Exercise data
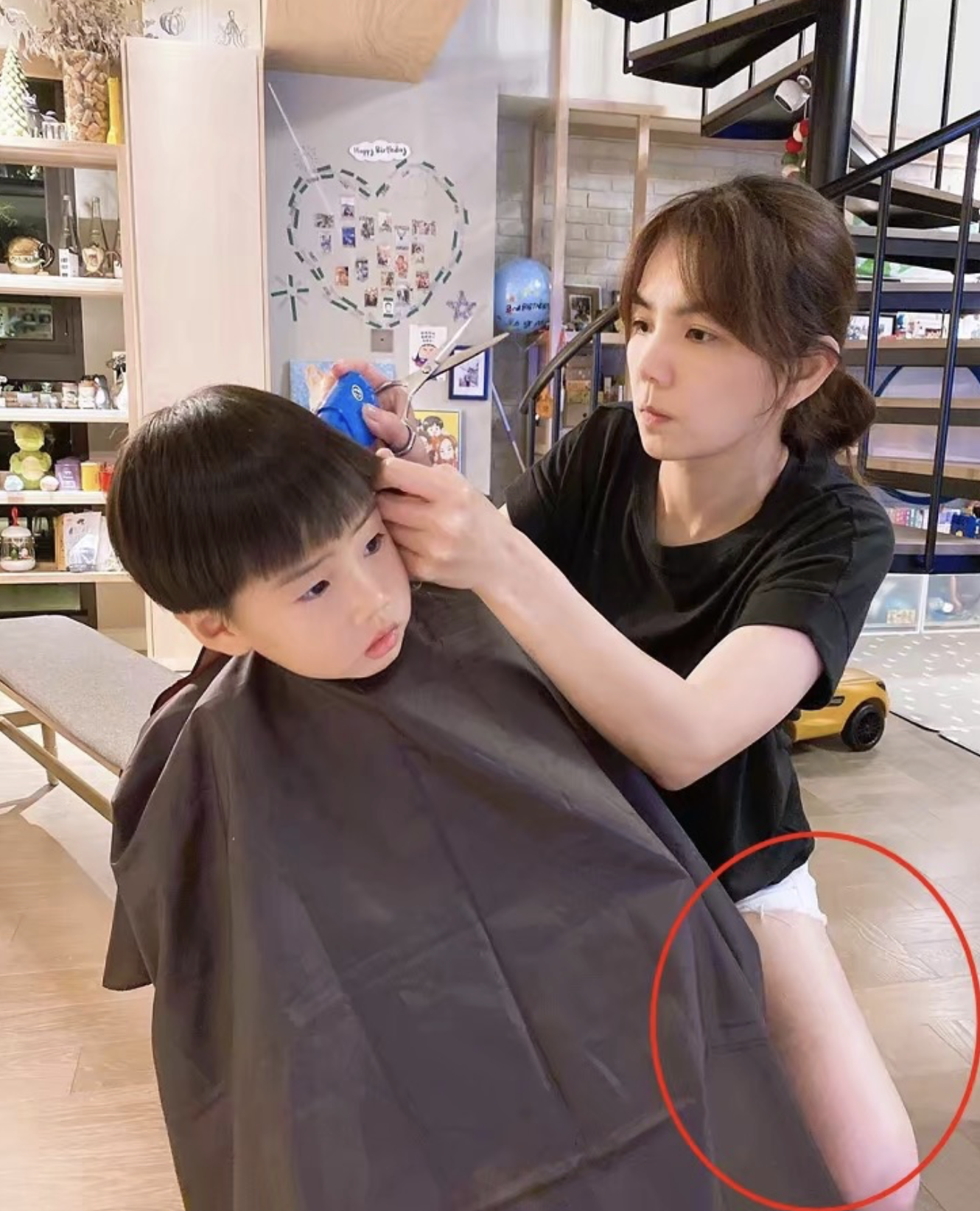 Ella迎来第四个母亲节，晒出为儿子理发照片，洋
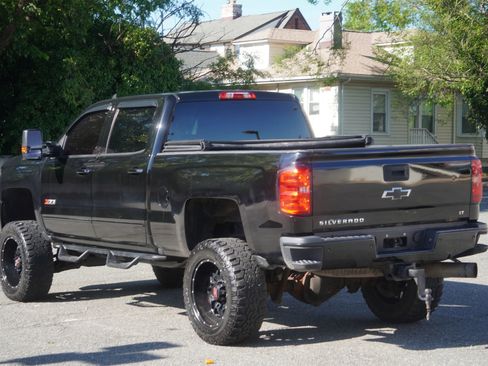 Used 2016 Chevrolet Silverado 2500 LT w/ Midnight Edition AWD/4WD image 14
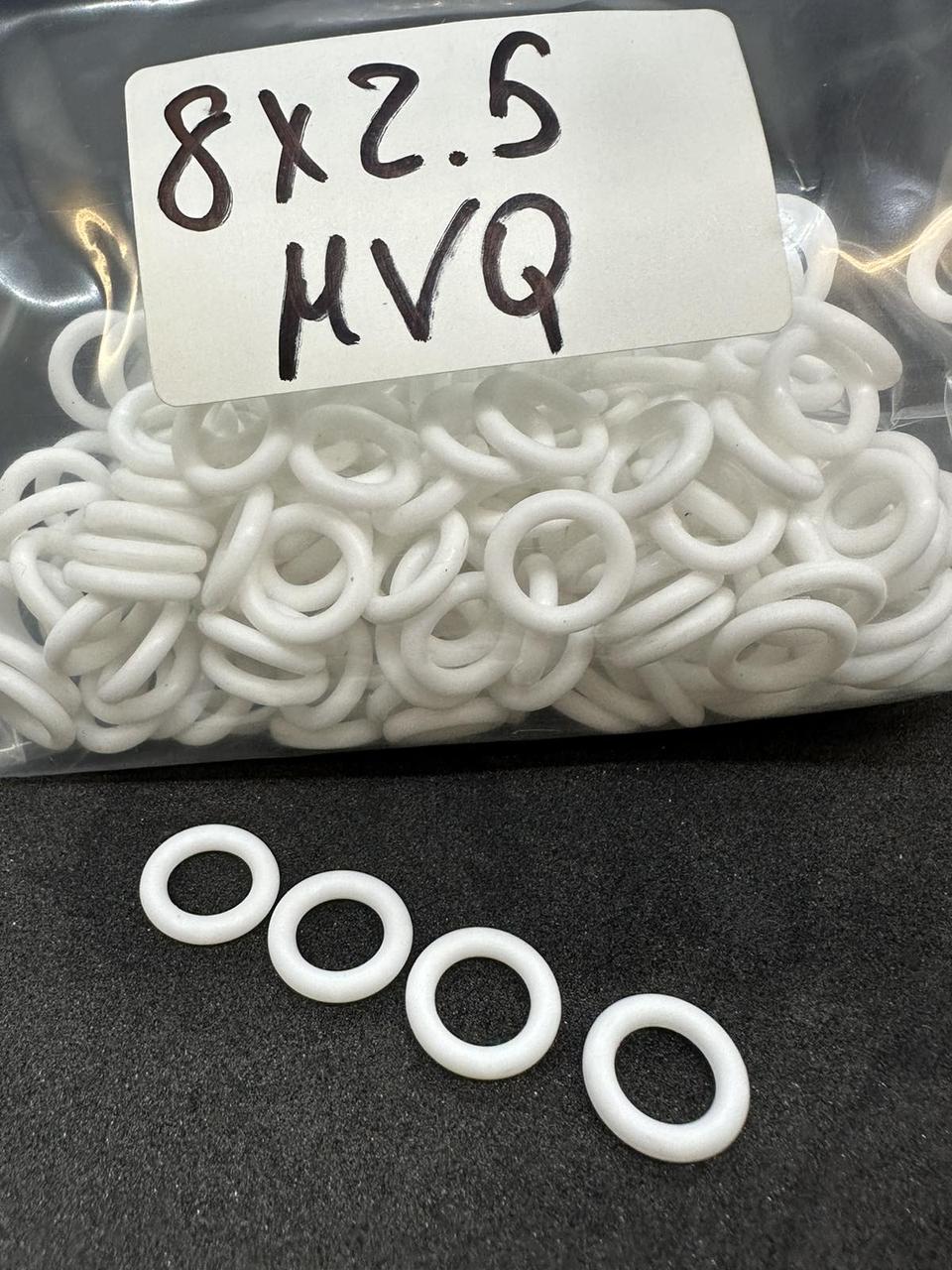 Ущільнювальне кільце O-ring MVQ70 8*2.5, фото 1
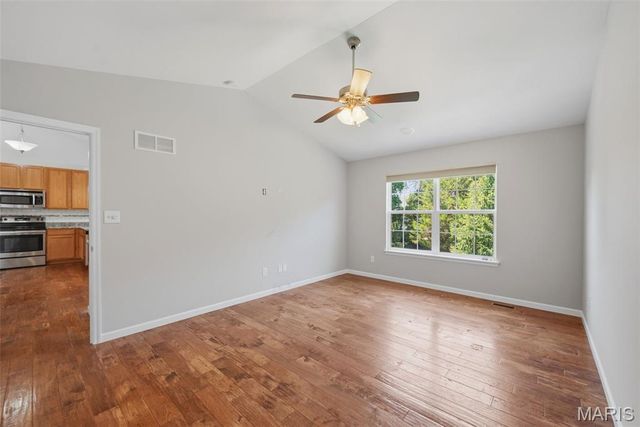 1427 Colonial Drive, St Charles, MO 63304
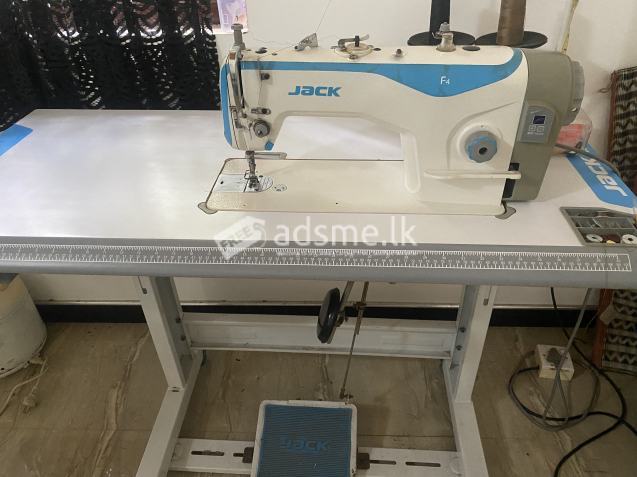 JACK f 4 sewing machine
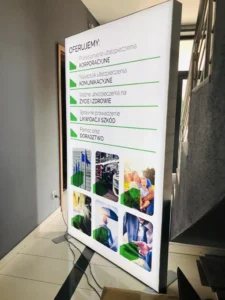 Kasetony świetlne LED – Grafion Reklamy, Nowy Sącz – nowoczesna reklama podświetlana Kaseton świetlny LED z podświetleniem energooszczędnym – realizacja Grafion Reklamy z Nowego Sącza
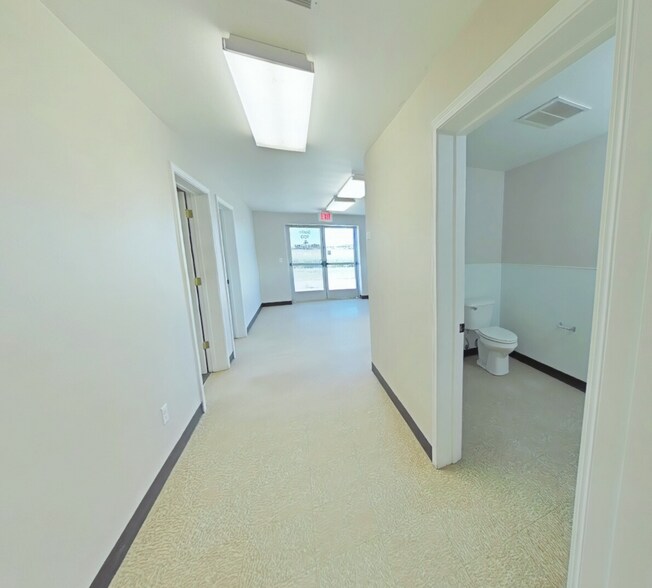 More Photos Of 6416 Wickum Rd, Williston Warehouse For Sale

Action item
Return the material as it stands. Leave out the pictures.

The answer
 Ella迎来第四个母亲节，晒出为儿子理发照片，洋
 Used 2016 Chevrolet Silverado 2500 LT w/ Midnight Edition AWD/4WD image 14
 Ущільнювальне кільце O-ring MVQ70 8*2.5, фото 1
 1427 Colonial Drive, St Charles, MO 63304
 JACK f 4 sewing machine
 Kasetony świetlne LED – Grafion Reklamy, Nowy Sącz – nowoczesna reklama podświetlana Kaseton świetlny LED z podświetleniem energooszczędnym – realizacja Grafion Reklamy z Nowego Sącza
 More Photos Of 6416 Wickum Rd, Williston Warehouse For Sale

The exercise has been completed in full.